Directions for this task: Using the listing below, set down exactly the lines from the one that contains "If you have" through the one that contains "Next you can", with no pictures.

Supplied data:
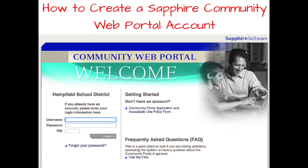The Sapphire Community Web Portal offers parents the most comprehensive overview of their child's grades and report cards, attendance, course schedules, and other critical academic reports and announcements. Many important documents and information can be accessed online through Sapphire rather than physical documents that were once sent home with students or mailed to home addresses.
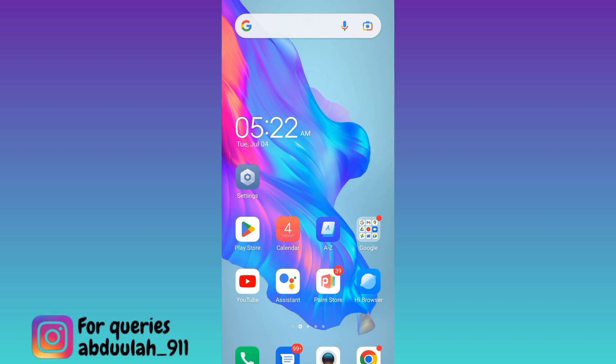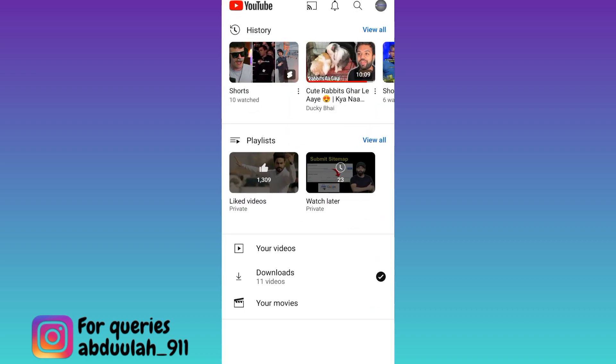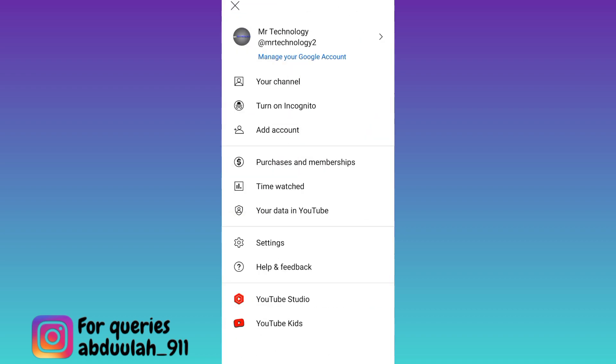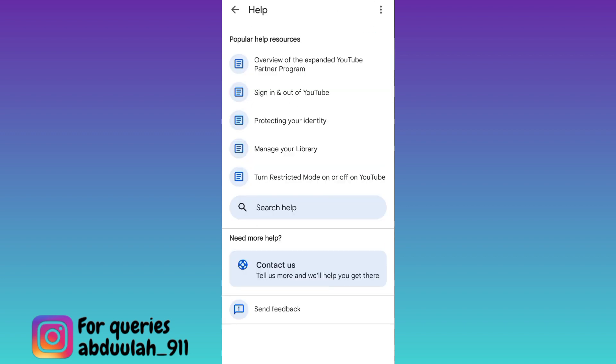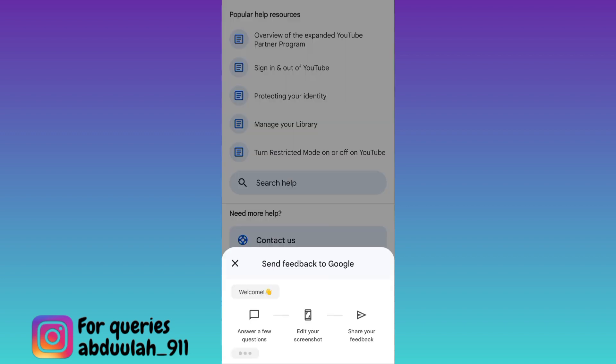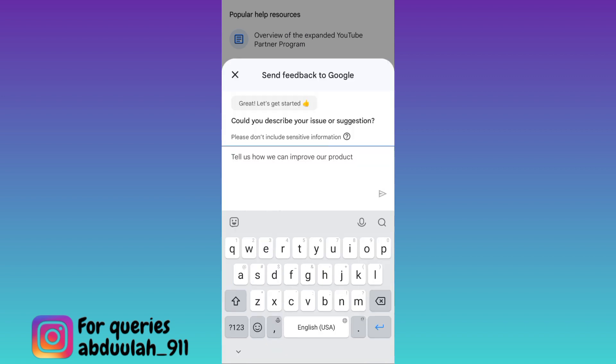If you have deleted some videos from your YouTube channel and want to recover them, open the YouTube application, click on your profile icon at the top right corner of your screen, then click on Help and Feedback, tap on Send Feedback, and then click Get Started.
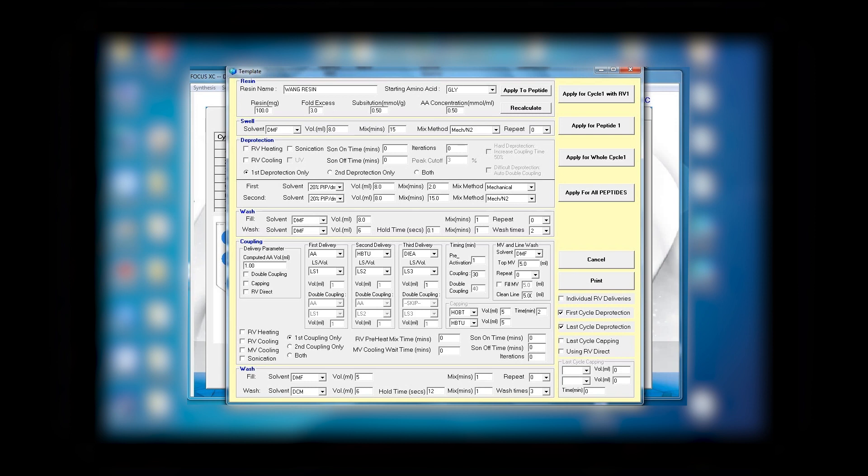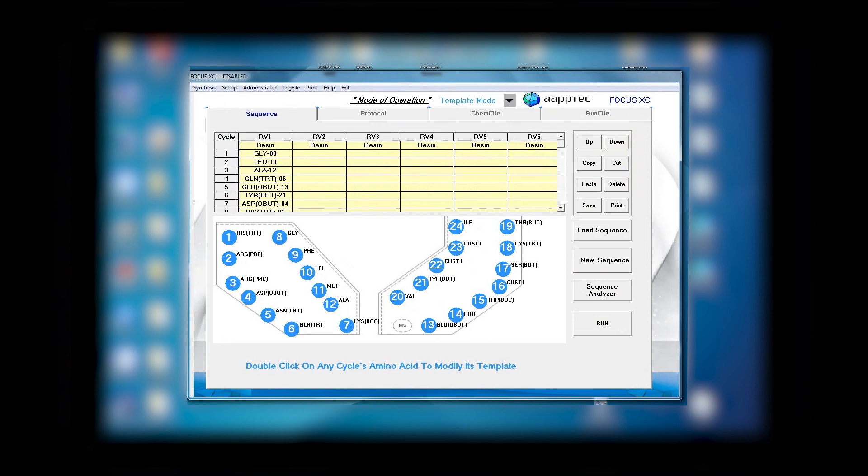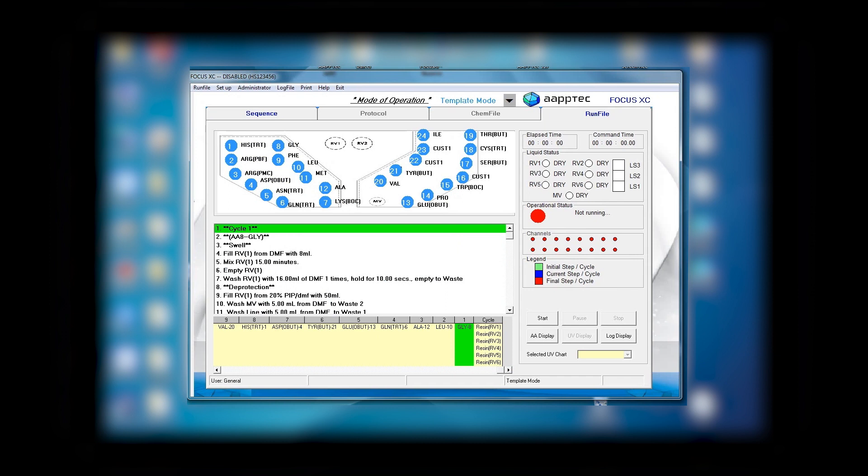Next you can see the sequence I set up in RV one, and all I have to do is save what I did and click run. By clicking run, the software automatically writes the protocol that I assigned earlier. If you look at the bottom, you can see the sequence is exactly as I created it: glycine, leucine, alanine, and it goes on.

==

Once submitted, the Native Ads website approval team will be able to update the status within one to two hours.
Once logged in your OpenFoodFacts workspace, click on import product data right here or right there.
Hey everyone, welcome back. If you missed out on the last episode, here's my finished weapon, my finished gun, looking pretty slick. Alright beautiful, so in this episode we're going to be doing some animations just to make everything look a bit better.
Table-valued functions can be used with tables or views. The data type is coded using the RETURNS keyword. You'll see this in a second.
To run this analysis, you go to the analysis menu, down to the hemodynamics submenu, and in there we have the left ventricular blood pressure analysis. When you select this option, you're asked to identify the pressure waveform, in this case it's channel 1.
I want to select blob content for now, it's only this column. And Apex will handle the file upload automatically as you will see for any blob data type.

---

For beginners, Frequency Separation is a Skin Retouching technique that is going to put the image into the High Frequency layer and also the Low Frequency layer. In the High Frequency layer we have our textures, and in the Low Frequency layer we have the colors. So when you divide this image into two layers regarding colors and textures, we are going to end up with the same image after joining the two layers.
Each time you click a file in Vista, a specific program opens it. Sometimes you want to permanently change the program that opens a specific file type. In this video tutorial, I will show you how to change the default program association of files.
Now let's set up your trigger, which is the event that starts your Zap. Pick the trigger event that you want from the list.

Exercise solution:
If you have deleted some videos from your YouTube channel and want to recover them, open the YouTube application, click on your profile icon at the top right corner of your screen, then click on Help and Feedback, tap on Send Feedback, and then click Get Started.
Next you can see the sequence I set up in RV one, and all I have to do is save what I did and click run. By clicking run, the software automatically writes the protocol that I assigned earlier. If you look at the bottom, you can see the sequence is exactly as I created it: glycine, leucine, alanine, and it goes on.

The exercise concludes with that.